SWAMPSCOTT — The High School Drama Club has made it to the state finals for the first time since 1999 for its renditions of “Desire, Desire, Desire” and “DMV Tyrant,” both by American playwright Christopher Durang.
Each year the Massachusetts Educational Theater Guild (METG) holds a High School Drama Festival where schools from across the Commonwealth compete with one-act plays. The competition includes around 112 plays.
“Of the 112 one-act plays that enter the festival, fourteen will be selected as state finalists, of which three will be named winners,” METG’s website said.
Swampscott’s club will have its performances Friday night at the Back Bay Events Center in Boston.
“I keep telling everyone how it’s already a win for Swampscott,” said Will Van Dam, a senior student at Swampscott High in the Drama Club. “I mean, the last time this happened for us was 24 years ago, it’s really a great feeling all around, just being so small and this happening is so rare.
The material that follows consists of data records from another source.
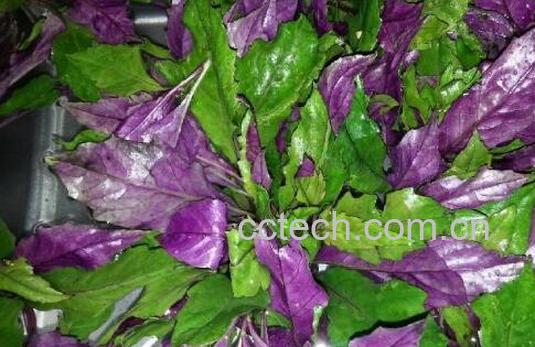 补血菜的副作用有哪些 吃补血菜的禁忌-1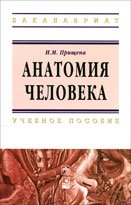 Анатомия человека. Учебное пособие фото книги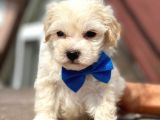 Orijinal Anne Altından Maltipoo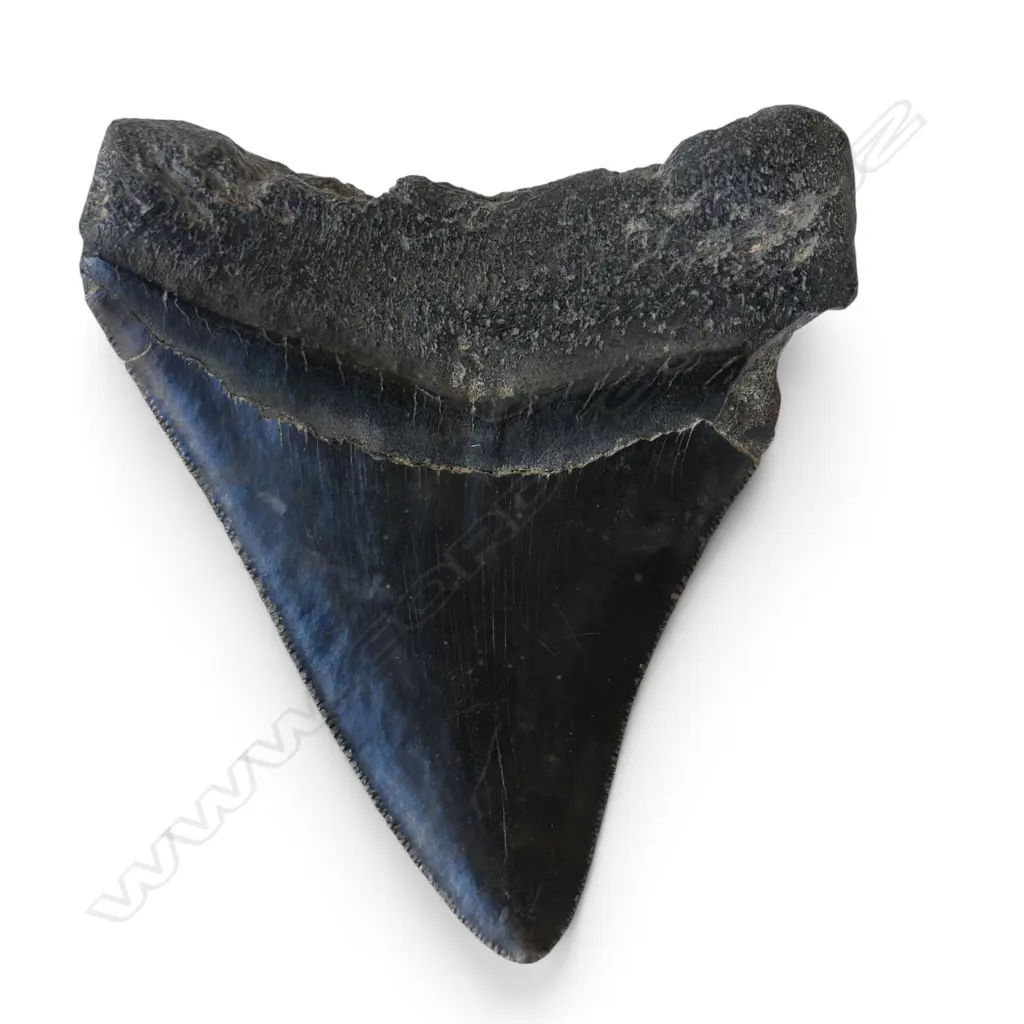 MEGALODON TOOTH L.85mm Image 1++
It feels good for all of us.”
Van Dam plays the census taker in “Desire, Desire, Desire.” Director Jim Pearse and Assistant Director Kayla LeClerc have made the whole process of the festival really fun, he said.
“We make it fun, and we don’t put pressure on ourselves, we never expected to get this far … so it’s great,” Van Dam said.
Pearse said Durang has plays that are “sort of crazy onstage” with a lot of humor. “DMV Tyrant” is about a person who is having issues obtaining a license and goes to the Department of Motor Vehicles to sort it out.
“The DMV lady, she is not helpful, and hilarity ensues,” Pearse said.
“Desire, Desire, Desire,” he said, is a “spoof” on characters from Tennessee Williams plays such as “A Streetcar Named Desire” and “Cat on a Hot Tin Roof.”
Pearse and LeClerc said that working with the students on these plays has been great.
“We always say we get the best kids,” LeClerc said.
Two of the three schools who win the festival’s finals will “go on to represent Massachusetts in the New England Drama Festival, the regional showcase of secondary school theatre,” according to METG’s website.
“The kids are super, super excited to be going and we’re thrilled for them,” Pearse said. “The play is, I think, hilarious, so we’re just really excited to be participating.”
Besides practicing and performing Durang’s plays, the Drama Club is also putting on its spring musical “Cabaret” on May 4, 5, and 6.